Conversations around co-design often flag the importance of managing the expectations of the users you're working with. And to some extent, that's completely fair. The structures we live and work in are huge, slow-moving, and often contradictory, and change isn't always possible overnight.

But at the same time, we need to recognise that there is space for pushback. As our brilliant expert by experience colleague John McGlone wrote recently, “structural and systemic causes within the system are human-made…and because they’re human-made, those systems can be changed.”

I recently attended a co-design meet-up over breakfast - an overall joyful experience meeting others interested in the power and potential of co-design to change experiences and outcomes for users. It was a chance to share our thoughts about co-design, describe our experiences with it, and ask questions about how to build true co-design processes. The group came from mixed professional backgrounds, such as transformation roles within the NHS, small startups focusing on agricultural change, and explicit co-design teams within government departments.

A group member explained that they were just starting to introduce co-design into their team’s work, which involved some engagement with the local community in his borough. He asked how best he could introduce the community to co-design, which is still relatively unknown there. “What tips does the group have for explaining the process? What pitfalls should I avoid?”

The first response was unsurprising: “you have to manage expectations”. The group agreed - even with the best will in the world, it’s really important to ensure that users understand there won’t be transformative change overnight, and that sharing their perspectives won’t always lead to visible, tangible results. “There are always constraints we can't move or ministerial steers we have to pay attention to,” they explained. “We have to ensure that the users we're working with understand that they may not be able to make that much change".

It really got me thinking. We were a group of (relatively) powerful people with the possibility to create new co-design rooms and processes - and yet we weren’t really questioning the very processes by which we were building these rooms. It was disappointing to hear that the key focus of the group was how to ensure that users weren't disappointed by the lack of change in that co-design process. I completely understand the need to manage expectations and recognise that the system is big and slow to change - it’s a critique we have come up against time and again at Telescope, with our ambitious aims to “change policy” and “support frontline voices to be heard”. I know that even on an individual level we humans constantly manage their own expectations, to stop the countless terrifying crises of the world completely overwhelming us. So it makes sense to really think hard about that within an environment where hopes might be quite high.

But this felt more helpless than that. It felt like we were positioning ourselves as just as “powerless” as the users in making real, systemic change, despite the obvious fact that as the managers and initiators of these co-design processes, we had far more power. Within that group, I felt that it was really important to argue that there is often more space to push back than it seems. Whether a team leader is introducing co-design to their team and associated stakeholders, or an explicitly “co-design” team is building a framework for engaging with users, those leaders and teams have power to make the process meaningful.

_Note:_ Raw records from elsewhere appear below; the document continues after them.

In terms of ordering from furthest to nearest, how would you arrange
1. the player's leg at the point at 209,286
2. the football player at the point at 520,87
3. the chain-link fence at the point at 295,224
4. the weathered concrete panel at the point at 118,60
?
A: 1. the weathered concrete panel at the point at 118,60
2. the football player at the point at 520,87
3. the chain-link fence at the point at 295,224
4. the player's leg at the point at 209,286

As Olúfémi O. Táíwò explains, “being in these rooms means being in a position to affect institutions and broader social dynamics by way of deciding what one is to say and do… a constructive approach...would focus on building and rebuilding rooms, not regulating traffic within and between them”.

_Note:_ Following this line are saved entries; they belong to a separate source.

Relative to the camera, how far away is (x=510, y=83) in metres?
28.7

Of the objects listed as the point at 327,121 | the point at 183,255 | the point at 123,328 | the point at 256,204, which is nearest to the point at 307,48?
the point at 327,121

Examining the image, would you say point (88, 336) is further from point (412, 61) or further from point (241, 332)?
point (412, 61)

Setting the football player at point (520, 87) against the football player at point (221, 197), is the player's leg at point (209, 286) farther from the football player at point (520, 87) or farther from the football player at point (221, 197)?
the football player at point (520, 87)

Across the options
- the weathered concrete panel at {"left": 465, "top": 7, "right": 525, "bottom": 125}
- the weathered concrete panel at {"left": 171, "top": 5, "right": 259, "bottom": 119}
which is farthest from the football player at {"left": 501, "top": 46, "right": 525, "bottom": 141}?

For example, we’ve recently started work with a central government department running a programme for community development in a local area of Wales. Our policy contact explained early on that although funding was tight, he had a surprising amount of flexibility. He had clearly and repeatedly told his funding team that no, he could not specify the "funded activities" in advance, because the whole point was that they would be designed and determined by the community once the project was underway. He pushed back against the constraints that seemed impenetrable - and they gave way, just a little bit, leaving room for much more meaningful community engagement. This policymaker is an inspiration to me, and an example of how we, as people with the power to build the rooms for discussion, can become more aware of our own agency to challenge what is and isn't possible.

Another quick example. We have recently launched our Learning Community, which aims to explore the question “how can we empower people to become changemakers in their organisations?” The whole point of the learning journey is to hold space for curiosity, leave outcomes open, and learn by doing. And yet, on a call with Collaborate recently about our newly-launched Learning Community, I was asked: “to what extent can people bring their own questions to the Learning Community space?”

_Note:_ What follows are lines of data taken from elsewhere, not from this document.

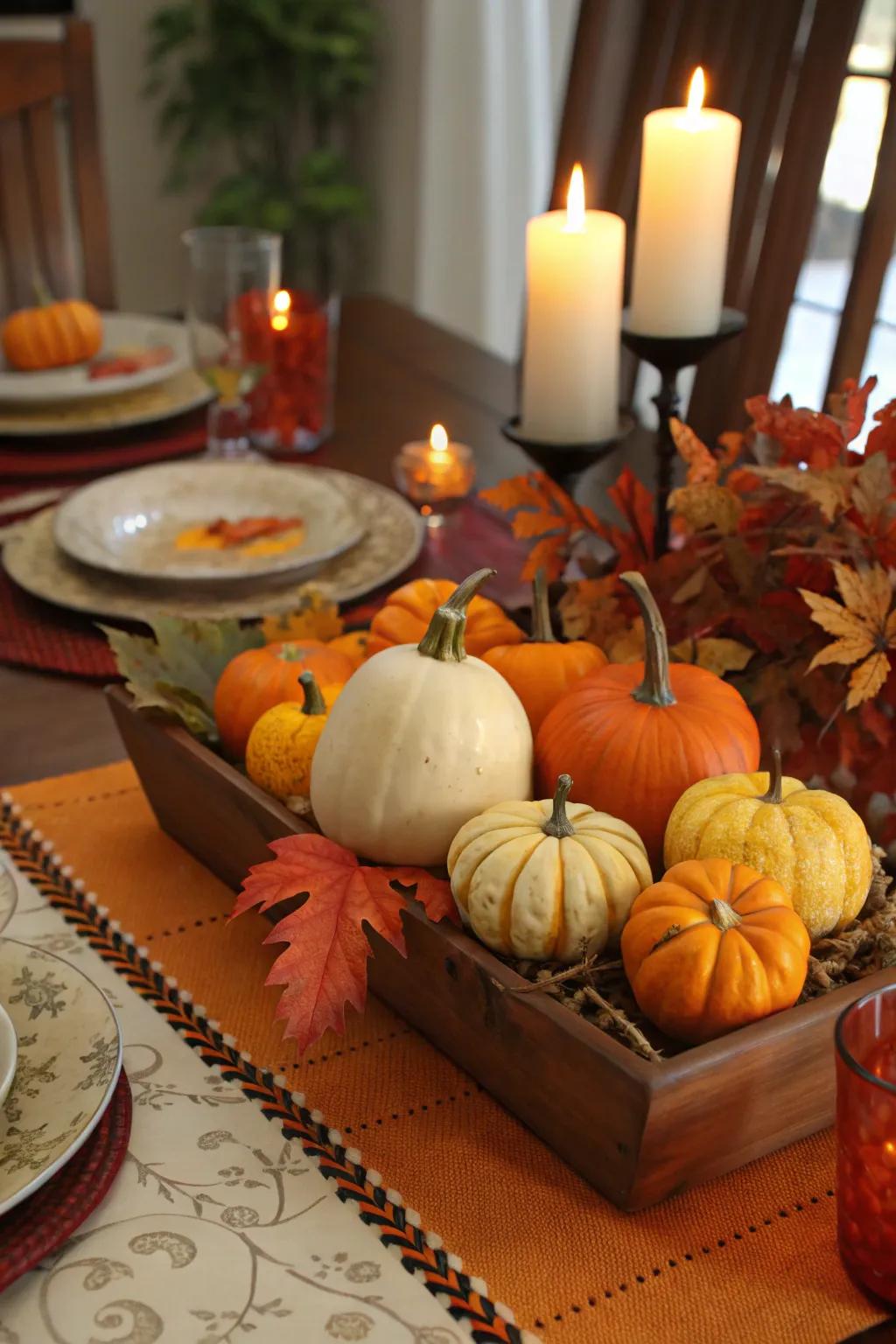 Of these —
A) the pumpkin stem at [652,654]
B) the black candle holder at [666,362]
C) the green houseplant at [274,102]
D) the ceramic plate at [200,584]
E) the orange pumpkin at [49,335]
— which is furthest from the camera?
the green houseplant at [274,102]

My immediate reaction was “well, we have questions already, and we need answers to those”. That goes against the very grain of the Learning Community and its collaborative principles. Though we have a focus for our learning journey, it’s also about creating a space for learning that is driven by Community members collaboratively, not imposed top-down. My hopes and expectations that we’ll get a clear answer to exactly the question we’ve asked are both unfounded and potentially harmful to the potential of the Community.

This applies more broadly than co-design approaches within government departments. Through our programmes and our Learning Community, we want to encourage everyone to feel they have the agency to challenge how the things we do are structured. Individuals at middle manager level can often feel constrained from both sides: both top down, by their bosses who ostensibly have more authority, and bottom up, by their team, to whom they are ultimately accountable. But they still have agency to ask questions. If those of us who are lucky enough to have some power really want to start changing outcomes for users, we have to use our own agency to question why things are the way they are. Or at the very least, we have to push back and provide the space for users to give their opinion, before too many decisions are made.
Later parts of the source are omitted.